The judge says the warrant goes against the fourth and fifth amendments.
Last year, Forbes uncovered a warrant which requested that fingerprints should be obtained in order to unlock all electronic devices at a searched location. The warrant was approved by a magistrate judge, citing that giving up passwords, fingerprints or encryption keys didn’t infringe on a suspect’s fourth or fifth amendment rights (the right against unlawful seizure, and the right against self incrimination respectively). The warrant was backed up by citing cases as far back as 1910; not quite relevant for deciding the fate of modern electronic devices, which are essentially mobile data centers. In fact, even the most recent cited case in the warrant was 30 years old.
Now, a second, similar warrant has been uncovered, but this one has been rejected by the presiding judge. Judge M. David Weisman of the district court of Illinois has found that requiring to seize and unlock electronic devices for everyone at a search location would go against several constitutional amendments. The judge notes that while the courts do allow for seizing and unlocking devices belonging to suspects, they cannot do so for others who aren’t under investigation:
The issues presented in this warrant application are at the cross section of protections provided by the Fourth and Fifth Amendments. Essentially, the government seeks an order from this Court that would allow agents executing this warrant to force “persons at the Subject Premises” to apply their thumbprints and fingerprints to any Apple electronic device recovered at the premises. (See Attach. B, tT 12.) The request is neither limited to a particular person nor a particular device. And, as noted below, the request is made without any specific facts as to who is involved in the criminal conduct linked to the subject premises, or specific facts as to what particular Apple-branded encrypted device is being employed (if any).
The court’s complaints with the warrant don’t end there. Early on in the judge’s response, he cites the archaic approach to technology that is featured in the text, seemingly almost as dated as the cases it cites:
Despite the apparent seriousness of the offenses involved, the Court notes that some of the “boilerplate” background information included in the warrant is a bit dated, such as its explanation that “[t]he internet allows any computer to connect to another computer [so] [e]lectronic contact can be made to millions of computers around the world;” its explanation that a “Blackberry” is a common “Personal Digital Assistant” and its suggestion that the use of “cloud technology” is the exceptional way of transferring files and that transferring images to a computer by directly connecting a cable to a camera or other recording device is the expected means of data transfer.

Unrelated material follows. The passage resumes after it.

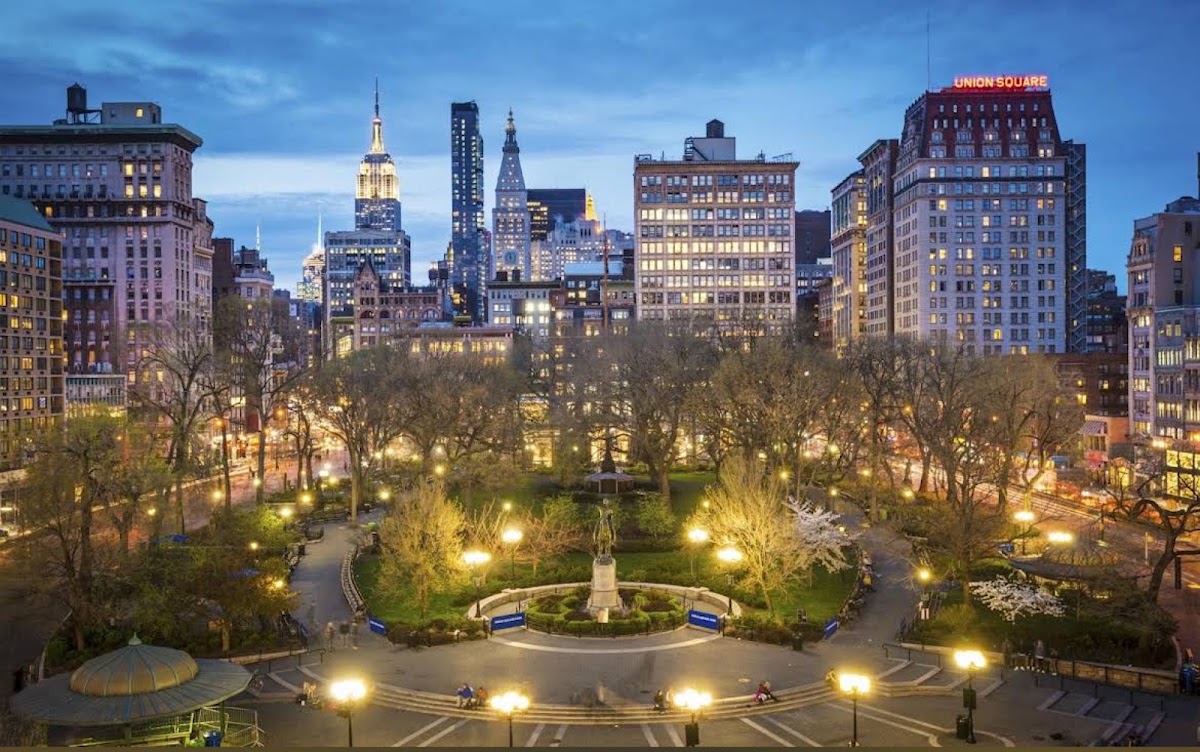 Union Square Park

A big problem with search warrants like this is that they set a precedent for the US government. Even though the warrant failed here, it will surely be granted in other places. The government seems to feel that it’s found a workaround for encryption: simply compromise fourth and fifth amendment rights with weak technology-oblivious arguments. Instead, how about better probable cause, fewer assumptions and a less lackadaisical approach to basic rights?